The idea behind USENET is that you have a very large number of servers that forward articles between each other, so that any user can post any article anywhere to any server, and eventually it would end up with exactly one copy of that article on each server that wants it. Servers can have one or more connections with other servers, some had hundreds of links to other servers. Message would ideally still be transported only once, and in no case stored multiple times.
Unlike modern federation protocols which were born on the Internet, USENET was a store-and-forward network. So articles would not be forwarded directly to subscribers, but were stored locally and forwarded to a few immediate neighbors. They would keep a copy of the message and in turn offer it to their direct neighbors, and so on. Usually, any two servers on the network would be only very few hops apart from each other.
Each server keeps a message for a configurable amount of time, and eventually deletes the local copy as the expiration date of this message is being exceeded.
Message format and identity
The format of any USENET post was superficially that of (pre-multimedia) mail.
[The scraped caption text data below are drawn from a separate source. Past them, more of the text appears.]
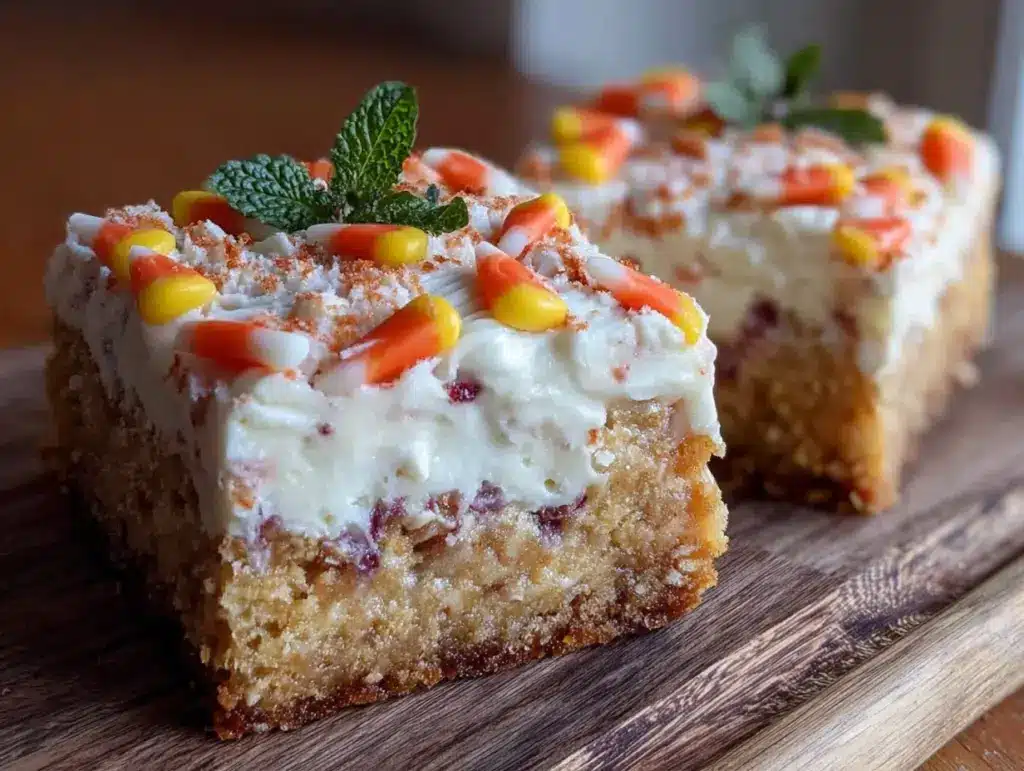 candy corn white chocolate cookie bars - featured image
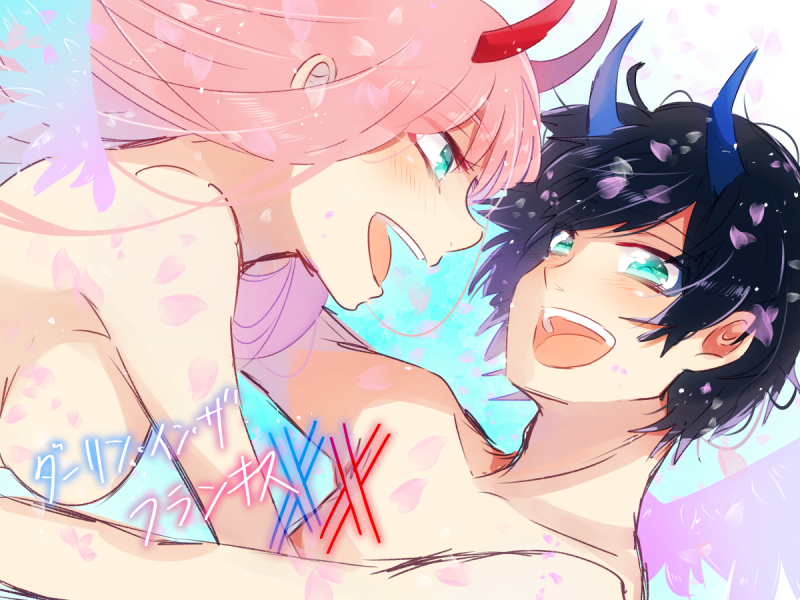 1boy 1girl bangs black_hair blue_eyes blue_horns blush breasts commentary_request couple darling_in_the_franxx green_eyes hetero hiro_(darling_in_the_franxx) horns long_hair looking_at_another medium_breasts oni_horns open_mouth petals pink_hair red_horns shirtless short_hair temaroppu_(ppp_10cc) wings zero_two_(darling_in_the_franxx)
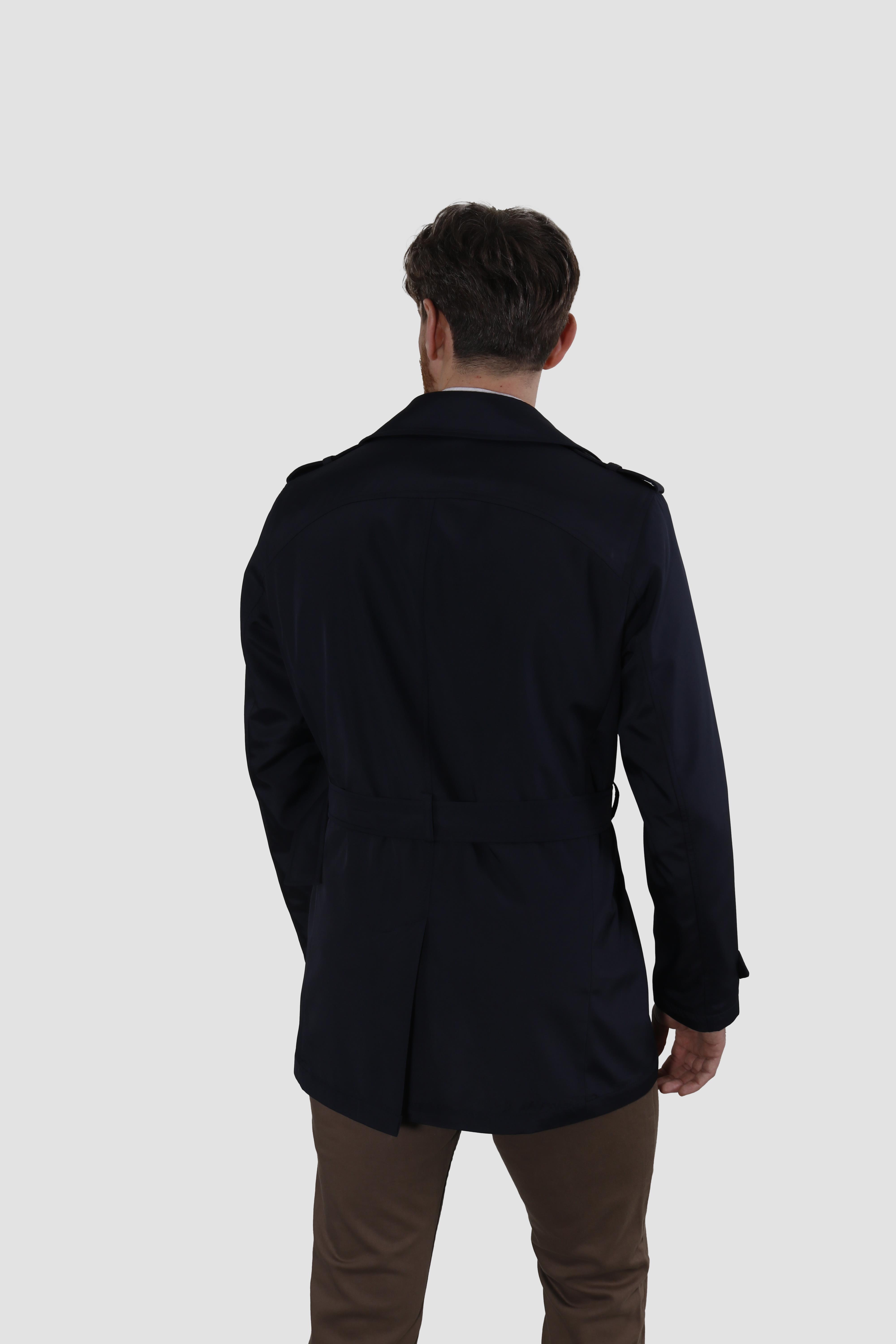 Erkek Kısa Kruvaze Trençkot Slim Fit 4030-LACİVERT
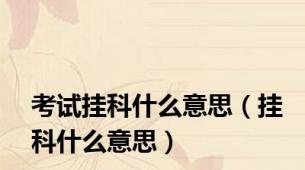 考试挂科什么意思（挂科什么意思）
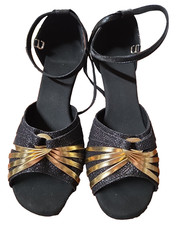 Women's Size 9 US Dance Shoes Ballroom Tango Salsa Black and Gold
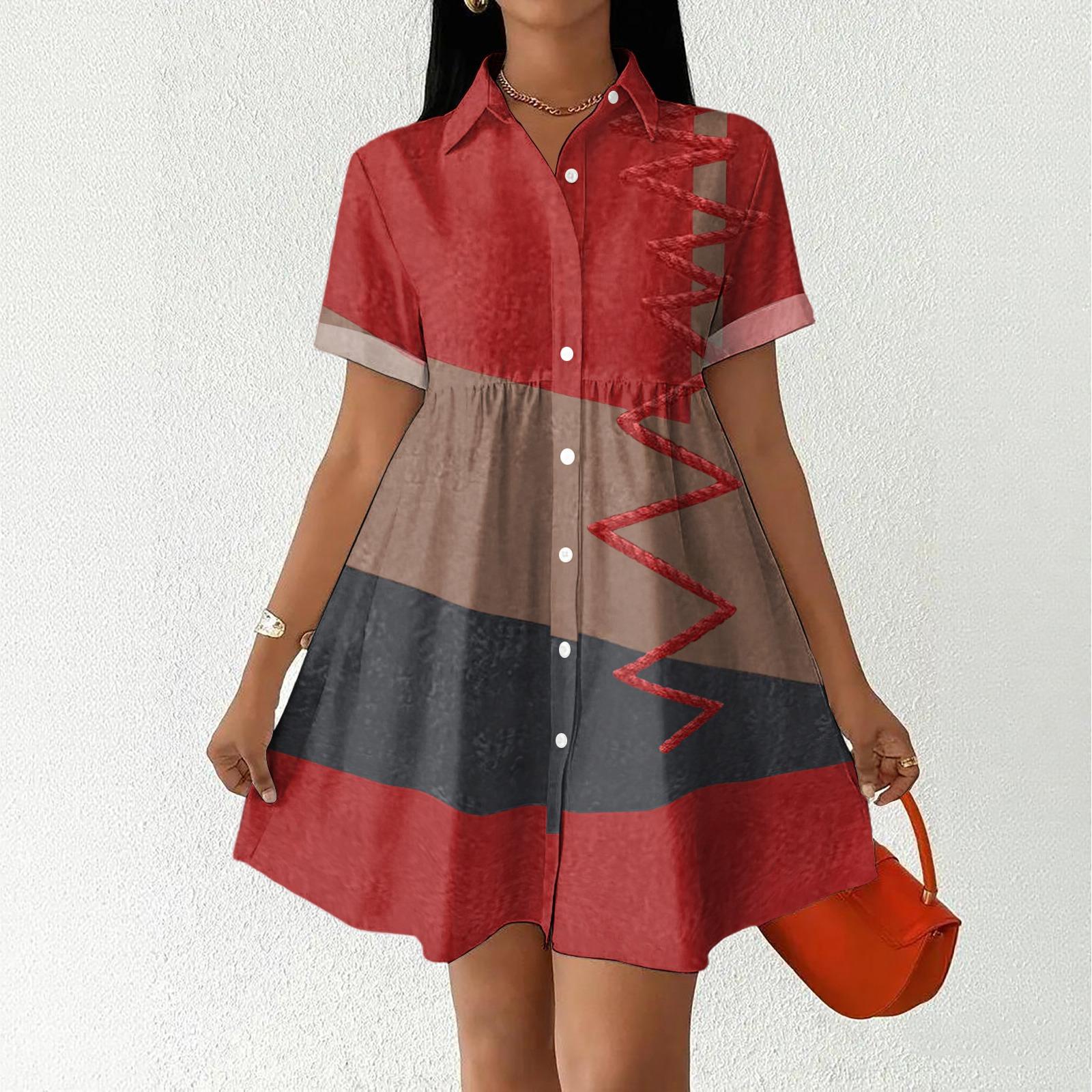 

Women Casual Loose Fit Dress Button Front Shirt Dress Short Sleeve Collared Dress Summer Daily Wear S червоний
So a USENET article had a number of header lines as Key-Value pairs, broken according to e-mails long-line folding rules, and a body, which contained ASCII. Later additions tried to improve on that, but failed — more on that later.
A somewhat basic usenet header would look somewhat like this:
From: user@host (User Name)
Date: Thu, 24 Jan 2019 22:15:15 +0100
Path: news.nntp.dca.giganews.com!news.koehntopp.de!kris
Newsgroups: kiel.allgemein
Message-ID: <treXfsfeg17354@news.koehntopp.de>
Subject: Neue Gruppen einrichten
In-Reply-To: <eueytdj2625@news.koehntopp.de>
A few header keywords were more important than others, because without them the protocol would not work.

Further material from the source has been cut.